55P. SPIRITO, Trieste a stelle e striscie, Mgs press, Trieste, pp. 30- 37 56M. CATTARUZZA, l’Italia e il confine orientale, Il mulino, Bologna, pp. 314

perché temeva una modifica degli equilibri a proprio sfavore. Anche se la spartizione ventilata nella nota fu discussa e proposta da Tito con il ministro degli esteri britannico Eden nella primavera del 1953. Gravi tumulti e spostamenti di mezzi lungo il confine si registrarono in quei giorni. A Trieste la tensione alimentata da “intelligence” italiane, scaturì in scontri e disordini contro le forze Alleate. Detonatore delle violenze fu l’ammaino della bandiera dal municipio da parte della polizia alleata. Si registrarono sei morti. Disordini si registrarono anche in Jugoslavia contro Consolati e centri culturali italiani, inglesi e americani. Le dichiarazioni di Tito avevano mosso gli animi. Intanto venivano ammassate truppe jugoslave nella Zona B per esercitare pressione per il ritiro dell’esecuzione della nota bipartita. La reazione Jugoslava dimostrava quanto era forte il potere negoziale jugoslavo. L’ambasciatore jugoslavo Valebit tentò di ottenere ulteriori vantaggi in Zona A in cambio sulla rinuncia di Trieste, riproponendo il progetto di un corridoio sloveno; però questa soluzione tagliava fuori la città dal territorio italiano, con cessioni di sobborghi sloveni e istituzione di una zona franca. Queste proposte formulate nelle trattative nella primavera/estate 1953, finirono in nulla di fatto per il gioco al rialzo praticato dagli jugoslavi. L’Italia invece si trincerò in una rivendicazione di tutto il Tlt, e nelle trattative di aprile/maggio 1953 si dimostrò intransigente. Questa intransigenza si palesò nel rifiuto della proposta americana del febbraio del 1953 fatta dal Segretario di stato Dulles a De Gasperi sull’annessione della Zona A ma anche di alcune città costiere della Zona B. L’indecisione diplomatica deteriorò la situazione negoziale di quei mesi. L’ambasciatore Valebit rivendicava in cambio di piccoli cambiamenti territoriali sulla costa della Zona B (la creazione di un polo industriale, commerciale opposto a Trieste).
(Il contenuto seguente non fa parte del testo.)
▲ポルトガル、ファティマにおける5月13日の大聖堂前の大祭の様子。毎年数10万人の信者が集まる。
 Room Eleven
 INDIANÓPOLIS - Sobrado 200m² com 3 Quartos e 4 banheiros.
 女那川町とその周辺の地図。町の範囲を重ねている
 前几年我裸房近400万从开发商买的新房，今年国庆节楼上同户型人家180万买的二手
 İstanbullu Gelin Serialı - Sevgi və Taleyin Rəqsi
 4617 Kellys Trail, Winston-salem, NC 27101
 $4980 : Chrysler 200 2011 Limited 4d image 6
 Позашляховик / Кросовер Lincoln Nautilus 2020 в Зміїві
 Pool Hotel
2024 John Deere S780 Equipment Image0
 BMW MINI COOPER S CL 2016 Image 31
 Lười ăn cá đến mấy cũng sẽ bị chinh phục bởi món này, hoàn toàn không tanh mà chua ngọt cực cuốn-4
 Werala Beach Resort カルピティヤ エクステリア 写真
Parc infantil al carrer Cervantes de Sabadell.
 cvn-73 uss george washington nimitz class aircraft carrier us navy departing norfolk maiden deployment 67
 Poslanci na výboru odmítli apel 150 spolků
Nel corso delle trattative tra il 1952 e il 1953 gli jugoslavi formularono troppe dichiarazioni di ammissione dell’italianità di diverse città della Zona B e di disinteresse per esse. E’ probabile che l’obiettivo jugoslavo fosse quello di interrompere la continuità territoriale tra Trieste e lo stato italiano, di creare difficoltà con le cittadine costiere istriane trasformate in tante enclave dove la sovranità italiana era puramente nominale. Tra giugno e agosto del 1954 le trattative arrivarono alla conclusione, e qualcosa trapelò nella stampa italiana sui negoziati. Secondo quanto riportato in diversi articoli, gli jugoslavi rivendicarono la possibilità di costruire a Capodistria in Zona B un porto internazionale in concorrenza con Trieste, e richiedevano una striscia di territorio nella penisola di Muggia per lo sviluppo del porto. Probabilmente erano mosse tattiche, volte a garantirsi quote di aiuti economici americani e contropartite per Trieste. Nel 1952 nella Zona A alcune competenze (fra cui il Direttorato delle finanze e dell'economia), vennero affidate a dirigenti nominati direttamente dal Governo italiano. Il 5 e 6 novembre 1953 vi furono a Trieste violenti scontri di piazza da parte di coloro che reclamavano la riunificazione della città all'Italia. Nella rivolta di Trieste finirono uccisi sei cittadini, cui è stata successivamente conferita un'onorificenza dal governo italiano. Comunque la vita del Tlt e delle diverse trattative si concretizzò il 5 ottobre con la stipula del Memorandum di Londra, dove si arrivò alla suddivisione delle due Zone che lo componevano.